**Brief descriptive captions:**
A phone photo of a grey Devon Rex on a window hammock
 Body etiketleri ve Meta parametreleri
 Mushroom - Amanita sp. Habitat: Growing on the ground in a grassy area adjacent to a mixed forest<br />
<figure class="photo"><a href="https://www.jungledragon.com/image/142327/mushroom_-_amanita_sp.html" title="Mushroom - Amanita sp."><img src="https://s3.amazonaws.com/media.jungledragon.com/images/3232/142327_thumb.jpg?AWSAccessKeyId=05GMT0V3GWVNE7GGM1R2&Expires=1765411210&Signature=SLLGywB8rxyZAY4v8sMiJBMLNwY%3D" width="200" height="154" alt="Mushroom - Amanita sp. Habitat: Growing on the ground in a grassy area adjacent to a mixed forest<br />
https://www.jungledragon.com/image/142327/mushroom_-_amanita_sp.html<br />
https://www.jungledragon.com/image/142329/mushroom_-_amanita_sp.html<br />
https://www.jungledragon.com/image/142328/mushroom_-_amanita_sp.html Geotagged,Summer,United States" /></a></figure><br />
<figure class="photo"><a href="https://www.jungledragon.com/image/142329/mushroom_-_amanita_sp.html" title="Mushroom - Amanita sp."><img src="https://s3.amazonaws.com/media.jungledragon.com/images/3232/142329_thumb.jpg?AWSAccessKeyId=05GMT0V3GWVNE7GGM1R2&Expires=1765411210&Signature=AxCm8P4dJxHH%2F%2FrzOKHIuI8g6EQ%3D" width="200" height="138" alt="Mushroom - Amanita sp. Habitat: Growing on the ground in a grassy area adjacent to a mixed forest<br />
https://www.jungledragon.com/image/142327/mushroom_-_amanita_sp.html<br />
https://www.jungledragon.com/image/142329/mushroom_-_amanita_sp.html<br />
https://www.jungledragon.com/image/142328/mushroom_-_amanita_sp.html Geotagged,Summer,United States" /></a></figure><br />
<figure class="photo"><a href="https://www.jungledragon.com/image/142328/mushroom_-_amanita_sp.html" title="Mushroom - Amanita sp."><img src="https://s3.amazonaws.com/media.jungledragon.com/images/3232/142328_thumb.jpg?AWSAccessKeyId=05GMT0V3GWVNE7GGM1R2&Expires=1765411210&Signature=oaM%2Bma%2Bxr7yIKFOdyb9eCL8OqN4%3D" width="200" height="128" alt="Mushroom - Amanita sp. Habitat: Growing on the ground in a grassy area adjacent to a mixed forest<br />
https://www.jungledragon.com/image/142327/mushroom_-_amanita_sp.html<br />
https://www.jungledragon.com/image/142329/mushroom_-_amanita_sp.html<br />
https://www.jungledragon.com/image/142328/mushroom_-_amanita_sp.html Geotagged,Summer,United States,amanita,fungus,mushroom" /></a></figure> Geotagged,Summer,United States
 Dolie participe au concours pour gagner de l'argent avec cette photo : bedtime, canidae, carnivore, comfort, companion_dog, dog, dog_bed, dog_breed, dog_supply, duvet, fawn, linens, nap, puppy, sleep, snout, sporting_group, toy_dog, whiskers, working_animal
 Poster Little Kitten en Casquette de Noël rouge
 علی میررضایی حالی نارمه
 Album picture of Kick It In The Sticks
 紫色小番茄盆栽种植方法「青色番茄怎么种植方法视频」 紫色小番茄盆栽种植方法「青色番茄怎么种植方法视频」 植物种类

**The problem:** Transcribe every line above, character for character.

**Result below:**
A phone photo of a grey Devon Rex on a window hammock
 Body etiketleri ve Meta parametreleri
 Mushroom - Amanita sp. Habitat: Growing on the ground in a grassy area adjacent to a mixed forest<br />
<figure class="photo"><a href="https://www.jungledragon.com/image/142327/mushroom_-_amanita_sp.html" title="Mushroom - Amanita sp."><img src="https://s3.amazonaws.com/media.jungledragon.com/images/3232/142327_thumb.jpg?AWSAccessKeyId=05GMT0V3GWVNE7GGM1R2&Expires=1765411210&Signature=SLLGywB8rxyZAY4v8sMiJBMLNwY%3D" width="200" height="154" alt="Mushroom - Amanita sp. Habitat: Growing on the ground in a grassy area adjacent to a mixed forest<br />
https://www.jungledragon.com/image/142327/mushroom_-_amanita_sp.html<br />
https://www.jungledragon.com/image/142329/mushroom_-_amanita_sp.html<br />
https://www.jungledragon.com/image/142328/mushroom_-_amanita_sp.html Geotagged,Summer,United States" /></a></figure><br />
<figure class="photo"><a href="https://www.jungledragon.com/image/142329/mushroom_-_amanita_sp.html" title="Mushroom - Amanita sp."><img src="https://s3.amazonaws.com/media.jungledragon.com/images/3232/142329_thumb.jpg?AWSAccessKeyId=05GMT0V3GWVNE7GGM1R2&Expires=1765411210&Signature=AxCm8P4dJxHH%2F%2FrzOKHIuI8g6EQ%3D" width="200" height="138" alt="Mushroom - Amanita sp. Habitat: Growing on the ground in a grassy area adjacent to a mixed forest<br />
https://www.jungledragon.com/image/142327/mushroom_-_amanita_sp.html<br />
https://www.jungledragon.com/image/142329/mushroom_-_amanita_sp.html<br />
https://www.jungledragon.com/image/142328/mushroom_-_amanita_sp.html Geotagged,Summer,United States" /></a></figure><br />
<figure class="photo"><a href="https://www.jungledragon.com/image/142328/mushroom_-_amanita_sp.html" title="Mushroom - Amanita sp."><img src="https://s3.amazonaws.com/media.jungledragon.com/images/3232/142328_thumb.jpg?AWSAccessKeyId=05GMT0V3GWVNE7GGM1R2&Expires=1765411210&Signature=oaM%2Bma%2Bxr7yIKFOdyb9eCL8OqN4%3D" width="200" height="128" alt="Mushroom - Amanita sp. Habitat: Growing on the ground in a grassy area adjacent to a mixed forest<br />
https://www.jungledragon.com/image/142327/mushroom_-_amanita_sp.html<br />
https://www.jungledragon.com/image/142329/mushroom_-_amanita_sp.html<br />
https://www.jungledragon.com/image/142328/mushroom_-_amanita_sp.html Geotagged,Summer,United States,amanita,fungus,mushroom" /></a></figure> Geotagged,Summer,United States
 Dolie participe au concours pour gagner de l'argent avec cette photo : bedtime, canidae, carnivore, comfort, companion_dog, dog, dog_bed, dog_breed, dog_supply, duvet, fawn, linens, nap, puppy, sleep, snout, sporting_group, toy_dog, whiskers, working_animal
 Poster Little Kitten en Casquette de Noël rouge
 علی میررضایی حالی نارمه
 Album picture of Kick It In The Sticks
 紫色小番茄盆栽种植方法「青色番茄怎么种植方法视频」 紫色小番茄盆栽种植方法「青色番茄怎么种植方法视频」 植物种类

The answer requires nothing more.